A PARABLE FOR THE PERIOD.
"A course precipitous, of dizzy speed
Suspending thought and breath; a monstrous sight!
For in the air do I behold indeed
An Eagle and a Serpent wreathed in fight.
—SHELLEY's Revolt of Islam.
A monstrous sight! Through SHELLEY's vision rare
Of high Revolt one mighty image glows,
This pregnant symbol of the struggling pair,
So strangely matched, and wildly-warring foes,
Filling the startled air with Titan throes.
Interpret as you will that Winged Form,
High-soaring, keen-eyed, of imperial pose,
Or that close-clinging, coiled Colossal Worm;
'Tis an eternal type of strife amidst the storm.
The symbol speaks, though variously applied,
Of snaking sleight that soaring strength assails,
And strives to drag it from its place of pride,
And, after cruel conflict, faints and fails.
Sometimes it seems the air's strong monarch vails
His crest awhile, as, hampering coil on coil,
Insidious knot on pinion proud prevails;
Yet towering greatness crawling hate shall foil,
Nor shall the Bird of Jove be long the Python's spoil.
Strong-winged this Eagle, either wafter ready
To buoy and to upbear that body great.
Potent of beak and claw, of eye-glance steady,
Lord of the air, and master of its fate,
It seems, it seems, sailing in splendid state
Athwart the stretches of the skyey blue.
Yet what might be the fleet-winged wanderer's fate.
Did either pinion fail? Its flight is true
Only when level buoyed upon the plumy two.
"A shaft of light upon its wings descended.
And every golden feather gleamed therein."
Ay! and their fate's inextricably blended;
Let either faint or flag, they shall not win
Athwart the aërial azure clear and thin.
Brothered in use are they, in use and need.
See how the Serpent's many-coloured skin
Writhes hither, thither, with insidious heed,
Striving to maim one pinion. Shall the pest succeed?
Bred far below, in dank malarious slime,
That Serpent hath no power to soar in air,
Save clinging to winged creatures that can climb
The empyrean; yet from its foul lair
It sprang to the broad wings it would ensnare,
Encoil, enshackle, hamper, break, drag down.
How swept the Bird so low that it should dare,
That Worm, to wriggle midst its plumes full grown,
And with the Air's sole monarch thus dispute the crown?
Alas! the Eagle stooped; those well-poised pinions
Faltered, and beat the air unevenly;
Nor shall the Bird maintain its proud dominions
If those wings lapse from rhythm, pulse awry.

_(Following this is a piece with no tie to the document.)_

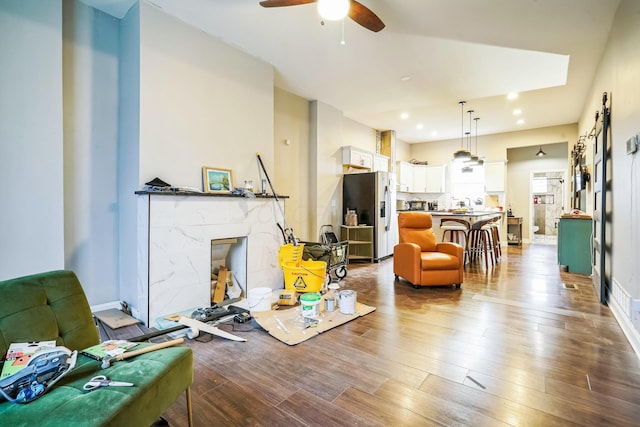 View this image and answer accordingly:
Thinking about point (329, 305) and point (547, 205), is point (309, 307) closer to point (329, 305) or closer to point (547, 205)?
point (329, 305)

Vain power of beak and claw, keenness of eye,
Or pride of crested head, if those broad vanes
Beat without balance true the clouded sky.
The lord of those etherial domains,
Once wing-maimed, pitiless fate to the dull earth enchains.
That Serpent is a sinister birth of time,
The likeness of the light 'twould fain take on,
But 'tis engendered from the poisonous slime
Of hate, and greed, and darkness. Though it don
Apollo's guise, 'tis but Apollyon.
To shackle, poison, palsy is its aim.
Venom and violence never yet have won
A victory truly worthy of the name.
To call this thing Toil's friend is friendship to defame.
"An Eagle and a Serpent wreathed in fight!"
There is the symbol he who runs may read.
The Bird is Trade, with pinions balanced right;
Labour and Capital in love agreed,
All's well; the Serpent shall not then succeed
In shackling that, or in destroying this.
The snake, a venomous worm of poisonous breed,
In vain shall coil and knot, shall strike and hiss.
Mark, Wealth! mark, Toil! The moral's one you scarce can miss!